__Directions__.
With the pictures left out, repeat every entry that follows exactly.

__Data provided__.
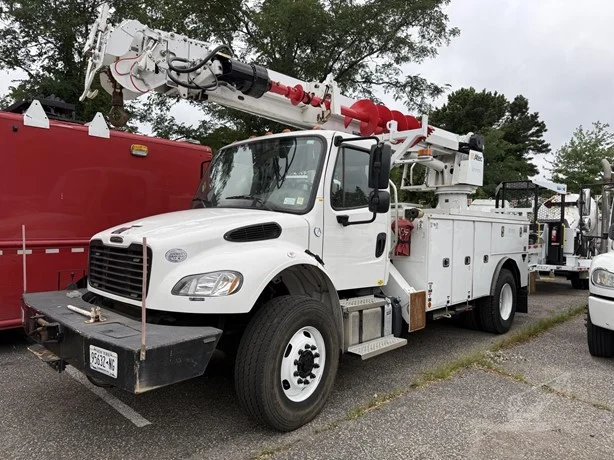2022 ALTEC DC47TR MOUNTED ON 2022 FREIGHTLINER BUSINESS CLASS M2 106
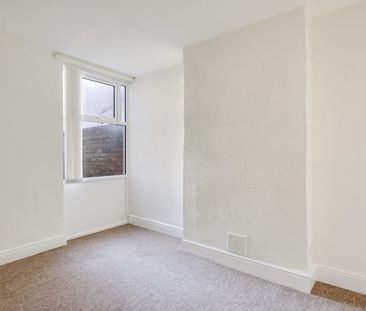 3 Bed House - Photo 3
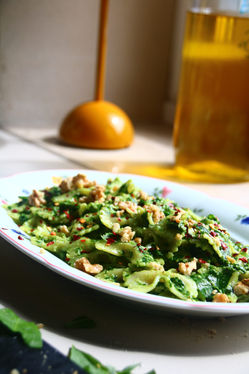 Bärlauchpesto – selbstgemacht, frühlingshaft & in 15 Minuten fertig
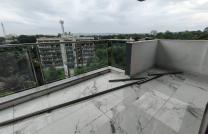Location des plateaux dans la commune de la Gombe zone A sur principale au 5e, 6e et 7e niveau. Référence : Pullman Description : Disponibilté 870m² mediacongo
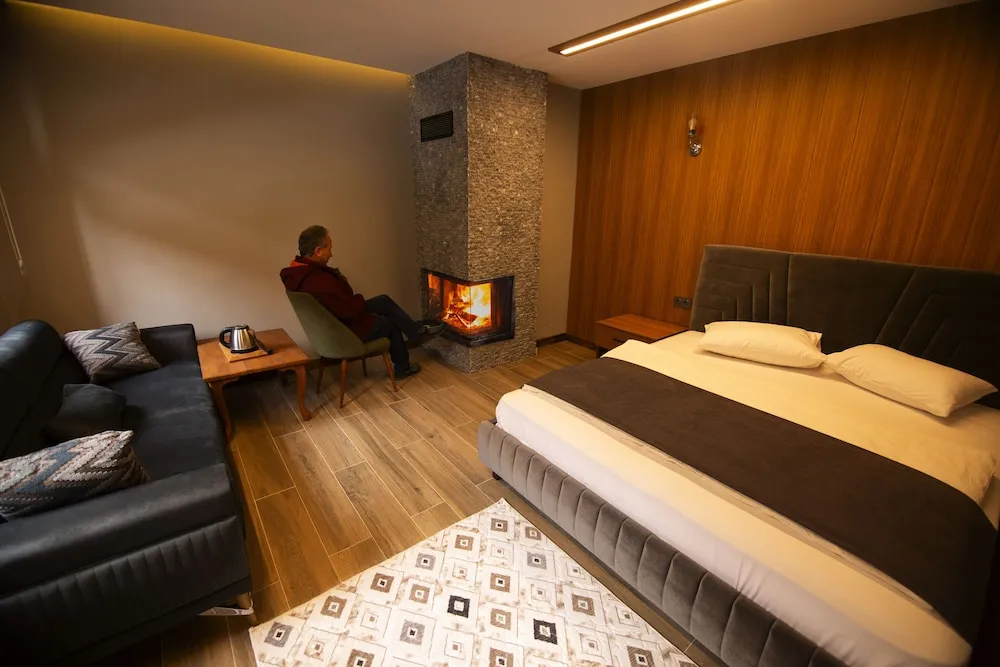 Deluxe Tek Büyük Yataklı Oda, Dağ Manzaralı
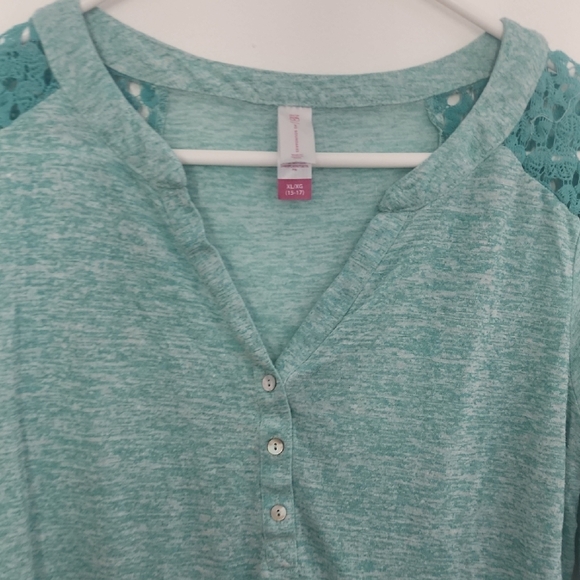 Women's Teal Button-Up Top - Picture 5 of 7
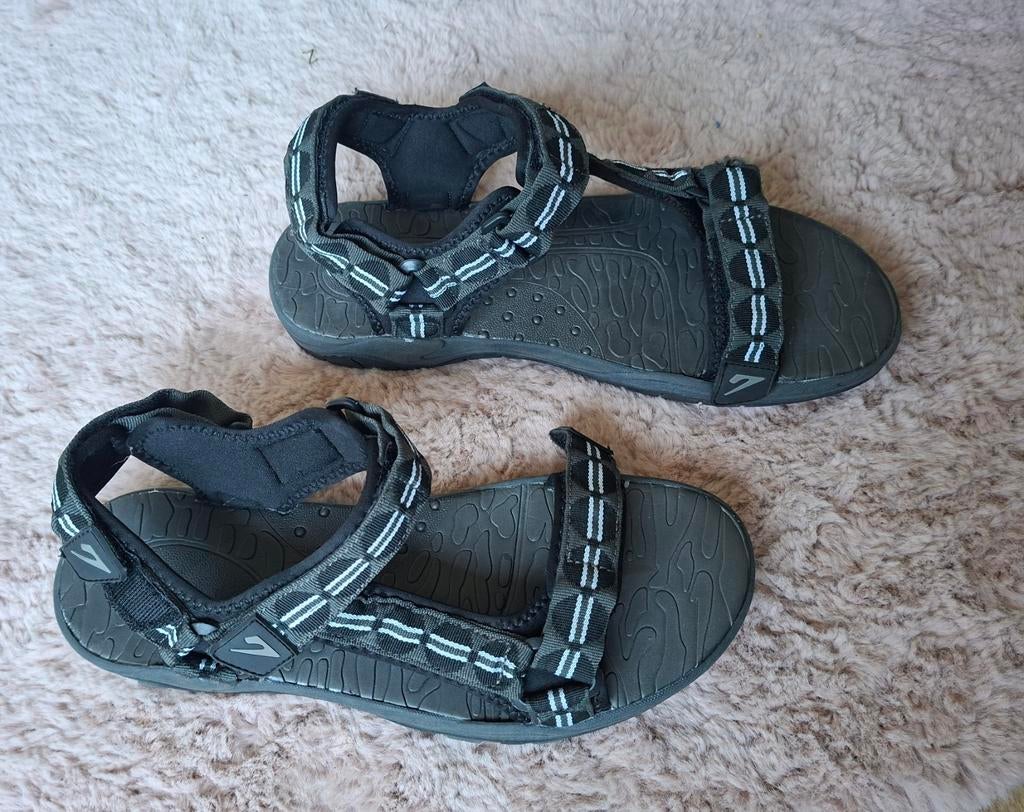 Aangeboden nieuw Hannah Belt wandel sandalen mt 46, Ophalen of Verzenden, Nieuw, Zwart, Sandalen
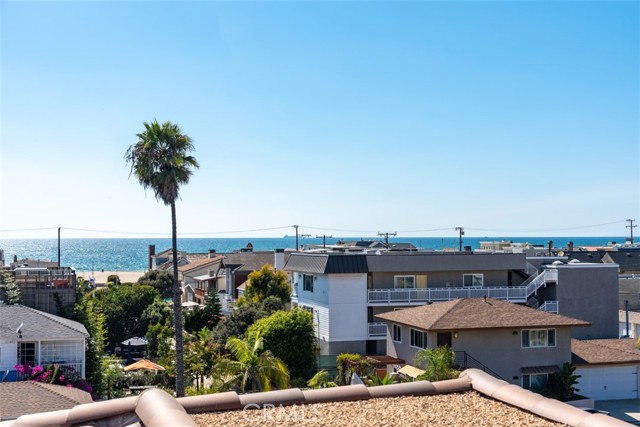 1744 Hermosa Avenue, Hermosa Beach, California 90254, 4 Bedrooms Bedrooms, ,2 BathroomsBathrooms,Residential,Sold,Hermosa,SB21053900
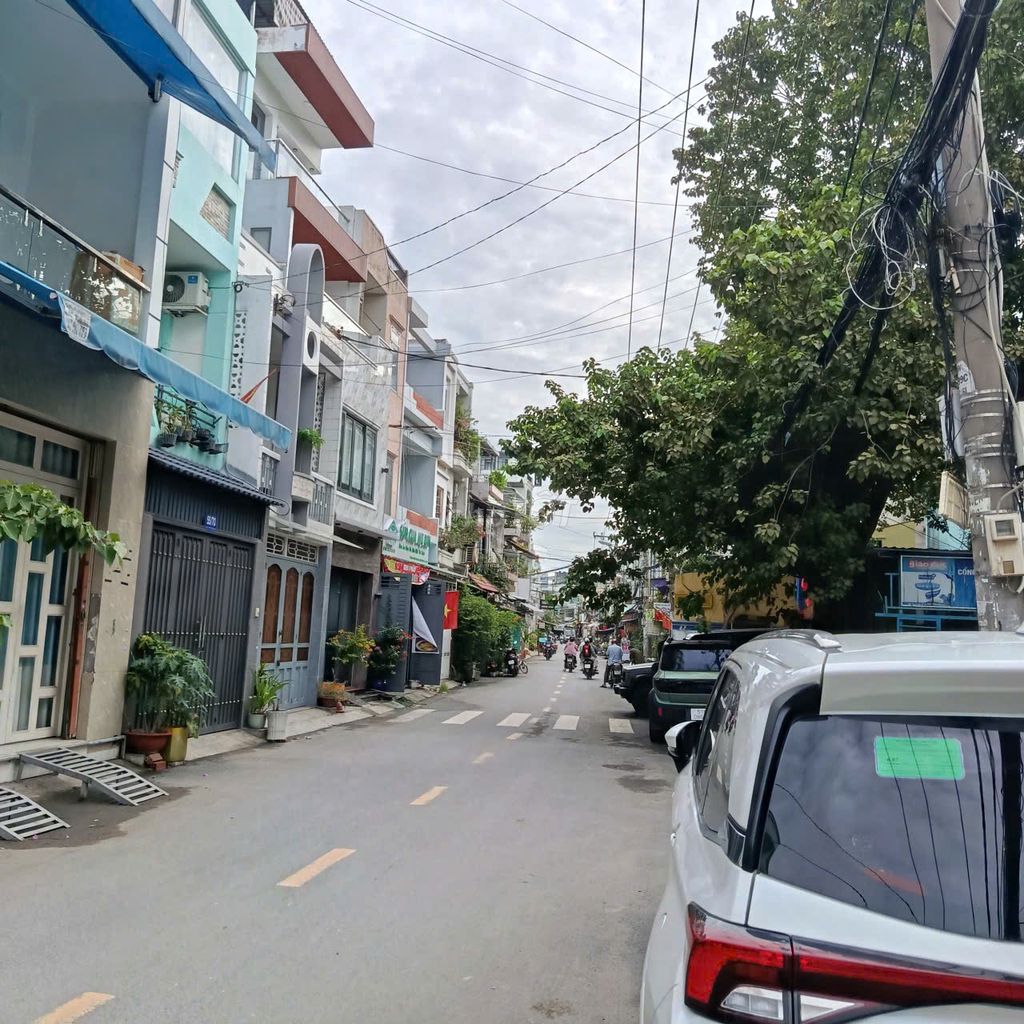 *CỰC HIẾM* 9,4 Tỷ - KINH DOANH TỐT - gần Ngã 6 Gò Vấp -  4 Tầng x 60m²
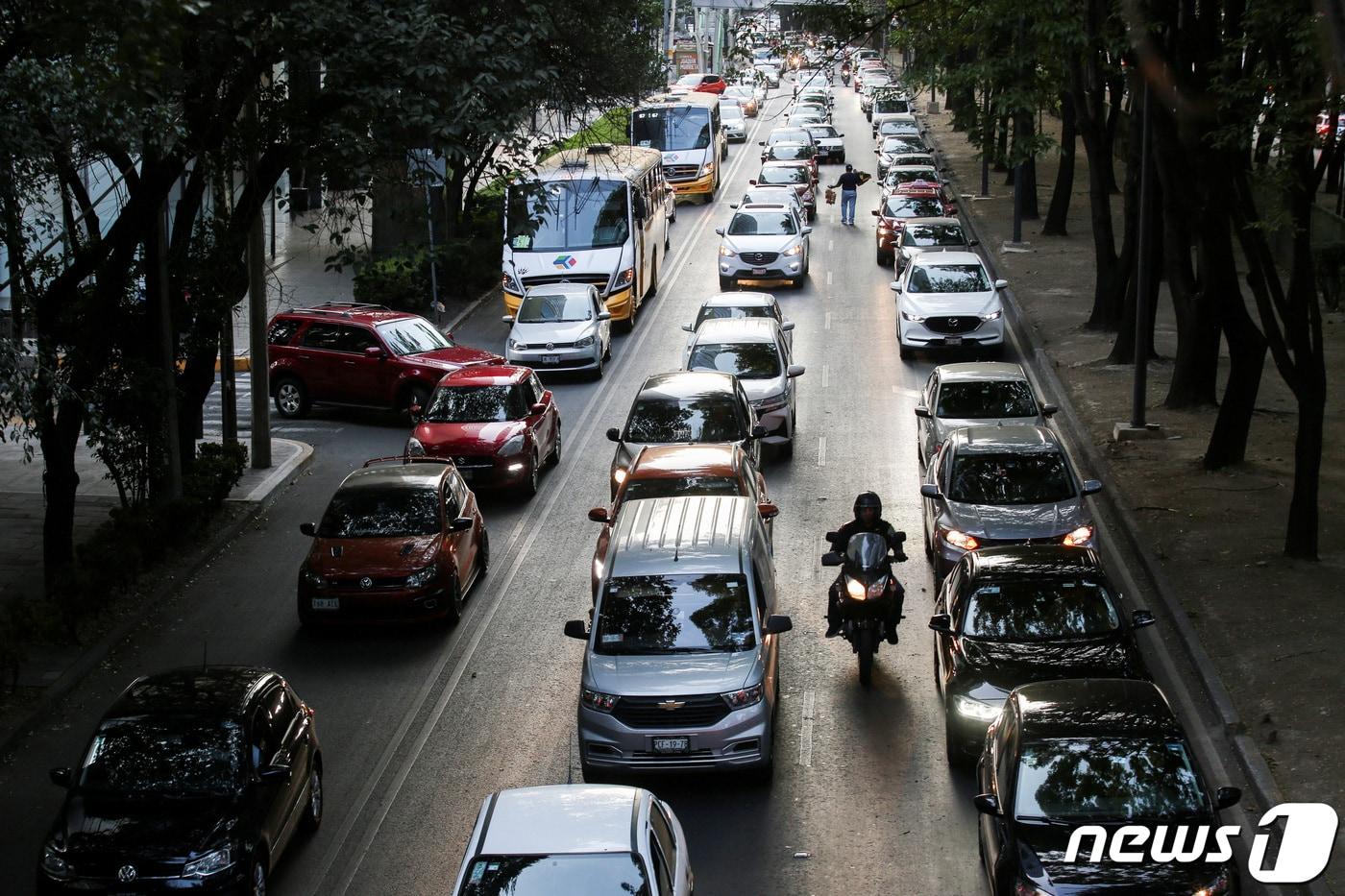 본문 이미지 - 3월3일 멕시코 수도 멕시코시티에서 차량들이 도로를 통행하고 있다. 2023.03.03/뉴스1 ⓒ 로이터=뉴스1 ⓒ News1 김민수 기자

__Your response__.
2022 ALTEC DC47TR MOUNTED ON 2022 FREIGHTLINER BUSINESS CLASS M2 106
 3 Bed House - Photo 3
 Bärlauchpesto – selbstgemacht, frühlingshaft & in 15 Minuten fertig
Location des plateaux dans la commune de la Gombe zone A sur principale au 5e, 6e et 7e niveau. Référence : Pullman Description : Disponibilté 870m² mediacongo
 Deluxe Tek Büyük Yataklı Oda, Dağ Manzaralı
 Women's Teal Button-Up Top - Picture 5 of 7
 Aangeboden nieuw Hannah Belt wandel sandalen mt 46, Ophalen of Verzenden, Nieuw, Zwart, Sandalen
 1744 Hermosa Avenue, Hermosa Beach, California 90254, 4 Bedrooms Bedrooms, ,2 BathroomsBathrooms,Residential,Sold,Hermosa,SB21053900
 *CỰC HIẾM* 9,4 Tỷ - KINH DOANH TỐT - gần Ngã 6 Gò Vấp -  4 Tầng x 60m²
 본문 이미지 - 3월3일 멕시코 수도 멕시코시티에서 차량들이 도로를 통행하고 있다. 2023.03.03/뉴스1 ⓒ 로이터=뉴스1 ⓒ News1 김민수 기자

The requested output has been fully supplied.